Piqué chez l'excellent "Plume de Presse" d'Olivier Bonnet.

 

Permalien : http://www.plumedepresse.com/spip.php?article1186

"Un acte grave qui doit rester exceptionnel", jure-t-il

Fillon et la garde à vue : l’hypocrisie totale

Le syndicat de la magistrature remet les pendules à l’heure

dimanche 26 juillet 2009, par Olivier Bonnet


ff"La garde à vue ne peut pas être un instrument banal de procédure. La privation de liberté est un acte grave qui doit rester exceptionnel", a déclaré le Premier ministre devant la Commission nationale consultative des droits de l’Homme. Il est gentil, François Fillon. Mais il se moque un peu (beaucoup) du monde.

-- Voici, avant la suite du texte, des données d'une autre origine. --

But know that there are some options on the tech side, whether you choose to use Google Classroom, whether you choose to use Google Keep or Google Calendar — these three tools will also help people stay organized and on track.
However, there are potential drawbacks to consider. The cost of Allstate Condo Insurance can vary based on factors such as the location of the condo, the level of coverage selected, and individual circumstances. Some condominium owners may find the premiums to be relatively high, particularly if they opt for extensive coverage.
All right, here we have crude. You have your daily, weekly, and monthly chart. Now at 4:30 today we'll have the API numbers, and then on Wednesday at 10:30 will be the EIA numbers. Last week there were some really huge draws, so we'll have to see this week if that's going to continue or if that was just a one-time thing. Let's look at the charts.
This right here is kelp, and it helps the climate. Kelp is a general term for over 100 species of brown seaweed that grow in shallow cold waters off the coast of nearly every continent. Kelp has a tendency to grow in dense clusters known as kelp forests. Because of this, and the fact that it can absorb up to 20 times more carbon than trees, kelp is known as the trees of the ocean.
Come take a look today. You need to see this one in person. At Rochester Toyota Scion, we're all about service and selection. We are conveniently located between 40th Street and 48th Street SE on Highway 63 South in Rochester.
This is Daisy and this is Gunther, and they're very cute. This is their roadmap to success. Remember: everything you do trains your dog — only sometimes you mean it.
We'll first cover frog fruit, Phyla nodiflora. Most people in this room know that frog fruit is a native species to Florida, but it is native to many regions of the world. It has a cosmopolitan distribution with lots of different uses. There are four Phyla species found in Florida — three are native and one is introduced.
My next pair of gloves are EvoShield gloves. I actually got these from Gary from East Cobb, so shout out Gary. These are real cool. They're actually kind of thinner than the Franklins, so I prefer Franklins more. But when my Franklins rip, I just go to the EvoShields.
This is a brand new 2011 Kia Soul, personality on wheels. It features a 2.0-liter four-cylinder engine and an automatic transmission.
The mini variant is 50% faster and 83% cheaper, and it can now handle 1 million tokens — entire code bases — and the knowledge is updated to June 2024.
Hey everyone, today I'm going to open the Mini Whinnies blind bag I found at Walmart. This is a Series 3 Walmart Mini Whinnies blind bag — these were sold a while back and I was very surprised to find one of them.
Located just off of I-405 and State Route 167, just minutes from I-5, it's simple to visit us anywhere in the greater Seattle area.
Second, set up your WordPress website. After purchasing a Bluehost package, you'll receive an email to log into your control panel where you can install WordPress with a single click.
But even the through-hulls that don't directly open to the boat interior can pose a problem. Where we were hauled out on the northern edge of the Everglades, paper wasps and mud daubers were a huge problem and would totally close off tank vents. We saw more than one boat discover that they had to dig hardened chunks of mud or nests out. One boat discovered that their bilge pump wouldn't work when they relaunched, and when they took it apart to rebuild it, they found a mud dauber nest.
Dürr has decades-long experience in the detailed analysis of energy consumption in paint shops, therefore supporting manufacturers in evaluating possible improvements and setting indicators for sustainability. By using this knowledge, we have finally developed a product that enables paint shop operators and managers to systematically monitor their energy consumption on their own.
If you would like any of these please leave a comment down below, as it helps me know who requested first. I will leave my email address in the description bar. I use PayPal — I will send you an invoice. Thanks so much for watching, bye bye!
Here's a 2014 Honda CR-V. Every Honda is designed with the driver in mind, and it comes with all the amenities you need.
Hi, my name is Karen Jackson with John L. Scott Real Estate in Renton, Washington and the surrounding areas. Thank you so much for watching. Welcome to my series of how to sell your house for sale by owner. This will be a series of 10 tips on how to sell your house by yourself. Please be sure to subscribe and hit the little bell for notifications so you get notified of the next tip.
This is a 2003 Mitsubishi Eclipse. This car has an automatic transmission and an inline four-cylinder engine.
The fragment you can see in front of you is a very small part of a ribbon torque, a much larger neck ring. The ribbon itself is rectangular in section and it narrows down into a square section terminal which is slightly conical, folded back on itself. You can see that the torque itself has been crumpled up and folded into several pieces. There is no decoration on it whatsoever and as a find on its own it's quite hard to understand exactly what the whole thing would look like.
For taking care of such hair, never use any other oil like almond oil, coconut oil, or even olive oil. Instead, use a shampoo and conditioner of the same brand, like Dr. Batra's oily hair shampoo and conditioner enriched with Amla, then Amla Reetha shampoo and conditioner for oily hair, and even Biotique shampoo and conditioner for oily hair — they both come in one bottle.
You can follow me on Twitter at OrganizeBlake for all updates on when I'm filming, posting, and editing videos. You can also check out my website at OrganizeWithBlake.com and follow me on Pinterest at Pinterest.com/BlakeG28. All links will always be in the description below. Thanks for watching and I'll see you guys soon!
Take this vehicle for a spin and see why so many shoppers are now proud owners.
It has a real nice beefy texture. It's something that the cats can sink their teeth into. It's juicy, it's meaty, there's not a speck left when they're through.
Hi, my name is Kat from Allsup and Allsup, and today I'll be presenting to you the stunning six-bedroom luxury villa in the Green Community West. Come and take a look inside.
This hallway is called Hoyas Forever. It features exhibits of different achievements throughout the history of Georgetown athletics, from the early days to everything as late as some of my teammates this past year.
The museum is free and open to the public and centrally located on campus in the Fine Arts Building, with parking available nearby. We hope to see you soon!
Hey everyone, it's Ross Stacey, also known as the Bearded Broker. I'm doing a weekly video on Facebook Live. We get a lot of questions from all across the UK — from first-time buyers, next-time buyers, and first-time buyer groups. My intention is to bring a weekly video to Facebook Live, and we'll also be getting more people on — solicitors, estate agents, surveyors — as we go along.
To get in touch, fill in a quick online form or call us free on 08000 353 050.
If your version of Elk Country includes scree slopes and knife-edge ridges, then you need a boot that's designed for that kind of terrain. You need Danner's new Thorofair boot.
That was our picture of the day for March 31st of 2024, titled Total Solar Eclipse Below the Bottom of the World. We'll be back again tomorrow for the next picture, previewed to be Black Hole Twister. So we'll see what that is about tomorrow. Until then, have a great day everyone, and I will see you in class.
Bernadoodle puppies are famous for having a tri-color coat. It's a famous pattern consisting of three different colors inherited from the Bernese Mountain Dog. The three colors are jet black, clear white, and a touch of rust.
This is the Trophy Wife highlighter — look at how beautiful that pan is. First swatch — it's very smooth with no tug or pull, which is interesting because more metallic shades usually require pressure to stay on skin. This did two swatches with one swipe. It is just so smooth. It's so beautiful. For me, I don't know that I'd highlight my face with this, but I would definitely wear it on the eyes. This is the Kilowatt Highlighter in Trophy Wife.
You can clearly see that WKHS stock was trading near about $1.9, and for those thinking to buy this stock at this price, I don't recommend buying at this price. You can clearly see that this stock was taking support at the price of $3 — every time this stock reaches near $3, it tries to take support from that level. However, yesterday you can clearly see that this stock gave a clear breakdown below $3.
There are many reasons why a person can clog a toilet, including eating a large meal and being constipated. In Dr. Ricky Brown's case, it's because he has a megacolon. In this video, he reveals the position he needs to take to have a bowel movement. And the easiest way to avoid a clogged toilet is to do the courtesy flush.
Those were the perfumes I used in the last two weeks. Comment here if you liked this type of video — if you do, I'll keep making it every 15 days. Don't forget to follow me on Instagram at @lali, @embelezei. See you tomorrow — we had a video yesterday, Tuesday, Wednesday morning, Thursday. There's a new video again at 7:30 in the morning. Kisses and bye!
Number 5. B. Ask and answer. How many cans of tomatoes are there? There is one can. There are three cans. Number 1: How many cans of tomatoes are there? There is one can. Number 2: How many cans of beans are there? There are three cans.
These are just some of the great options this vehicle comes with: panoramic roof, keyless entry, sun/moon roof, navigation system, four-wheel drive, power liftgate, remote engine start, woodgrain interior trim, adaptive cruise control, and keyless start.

C’est comme si, sous l’impulsion de Sarkozy, la droite de laquelle il est un des dirigeants majeurs n’avait pas eu de cesse, depuis 2002, de durcir sans cesse sa politique dans le sens d’une hystérie sécuritaire. Mais trêve d’oiseux commentaires de notre part : le Syndicat de la magistrature, dans le communiqué de presse que nous découvrons via Torapamavoa, remet les pendules à l’heure de façon exemplaire, si bien que nous reproduisons tel quel son réquisitoire.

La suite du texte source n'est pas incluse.